ASSIGNMENT:
In the listing that follows, the lines starting at the one containing "de archivo Los" and ending at the one containing "Beige ärmlös topp - Säljer" are to be returned exactly, both boundary lines included, and no others.

TASK INPUT:

....................

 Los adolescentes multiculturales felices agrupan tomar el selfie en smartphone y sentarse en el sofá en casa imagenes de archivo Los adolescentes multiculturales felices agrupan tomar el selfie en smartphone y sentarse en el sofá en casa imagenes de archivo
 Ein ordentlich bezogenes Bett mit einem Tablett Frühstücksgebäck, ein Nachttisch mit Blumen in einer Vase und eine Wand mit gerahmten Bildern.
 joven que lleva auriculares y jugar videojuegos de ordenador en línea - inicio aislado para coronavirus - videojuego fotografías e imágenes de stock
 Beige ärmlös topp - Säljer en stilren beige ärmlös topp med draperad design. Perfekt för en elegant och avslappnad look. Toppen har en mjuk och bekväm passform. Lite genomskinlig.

....................

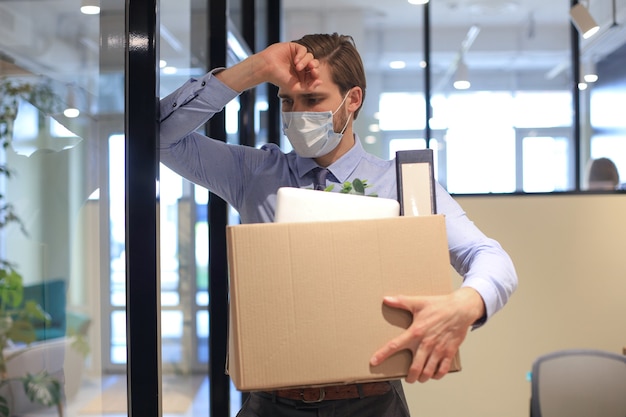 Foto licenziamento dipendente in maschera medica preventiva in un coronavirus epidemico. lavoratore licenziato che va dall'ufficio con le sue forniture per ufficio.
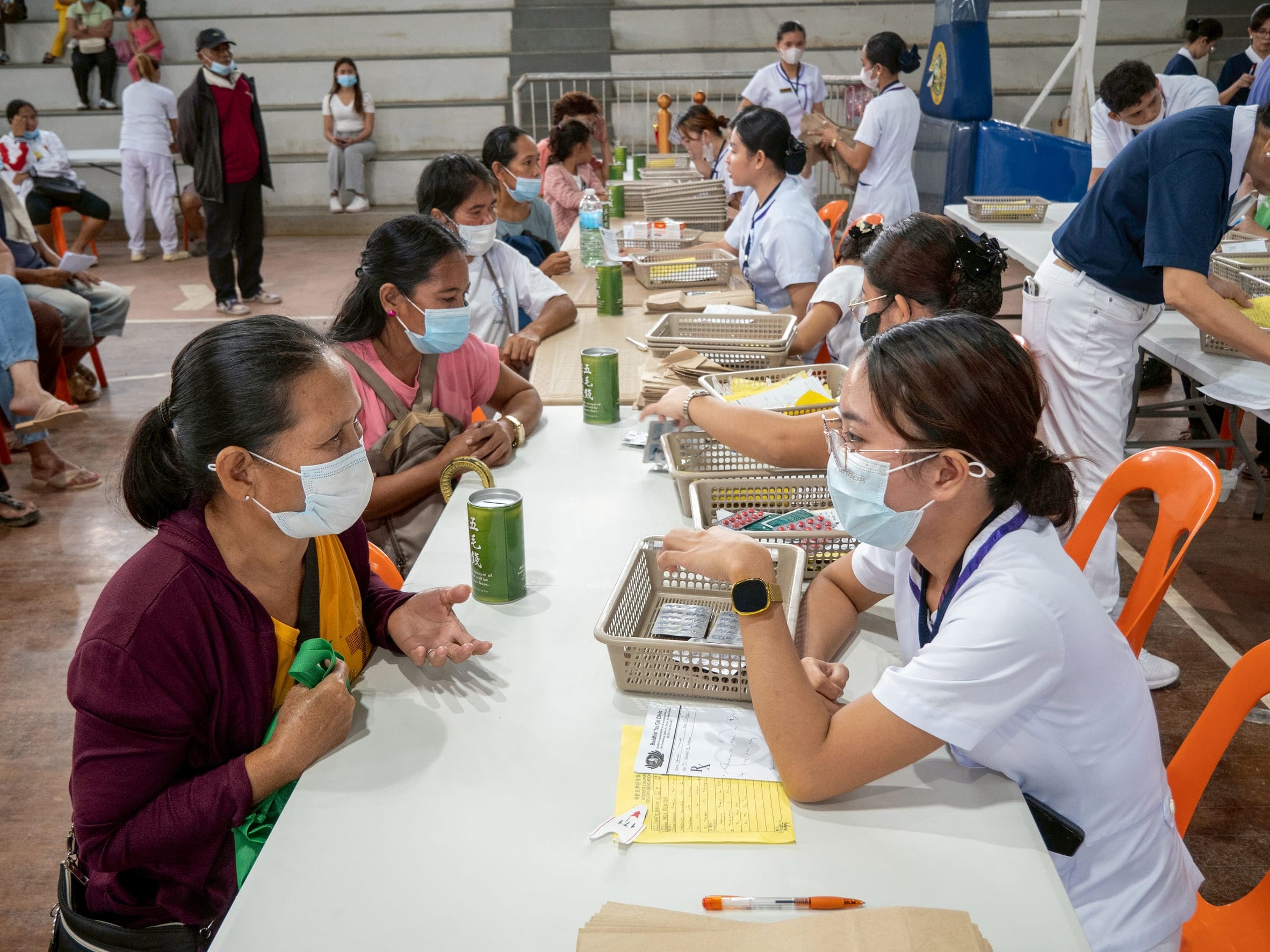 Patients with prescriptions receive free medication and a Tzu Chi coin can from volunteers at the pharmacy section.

....................

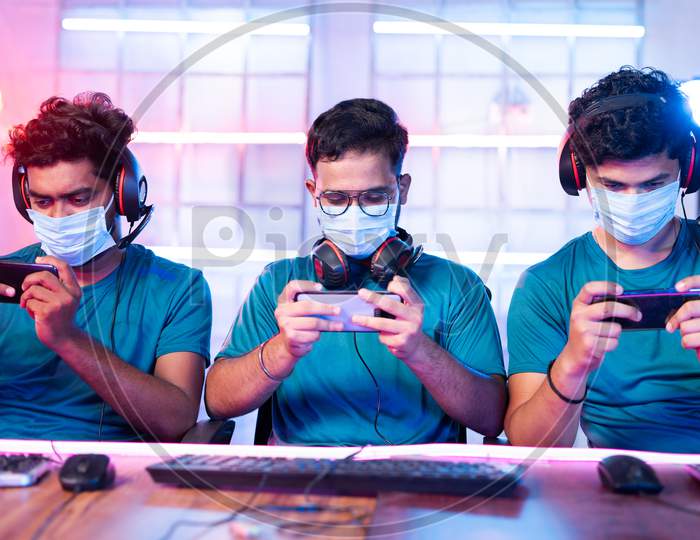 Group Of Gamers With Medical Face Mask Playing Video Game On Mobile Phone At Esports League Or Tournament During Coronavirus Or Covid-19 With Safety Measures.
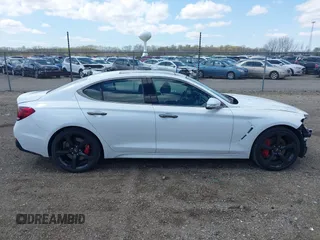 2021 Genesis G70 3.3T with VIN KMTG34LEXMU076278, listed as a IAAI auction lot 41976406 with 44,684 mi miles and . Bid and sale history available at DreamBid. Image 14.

....................

SOLUTION TO THE EXERCISE:
 Los adolescentes multiculturales felices agrupan tomar el selfie en smartphone y sentarse en el sofá en casa imagenes de archivo Los adolescentes multiculturales felices agrupan tomar el selfie en smartphone y sentarse en el sofá en casa imagenes de archivo
 Ein ordentlich bezogenes Bett mit einem Tablett Frühstücksgebäck, ein Nachttisch mit Blumen in einer Vase und eine Wand mit gerahmten Bildern.
 joven que lleva auriculares y jugar videojuegos de ordenador en línea - inicio aislado para coronavirus - videojuego fotografías e imágenes de stock
 Beige ärmlös topp - Säljer en stilren beige ärmlös topp med draperad design. Perfekt för en elegant och avslappnad look. Toppen har en mjuk och bekväm passform. Lite genomskinlig.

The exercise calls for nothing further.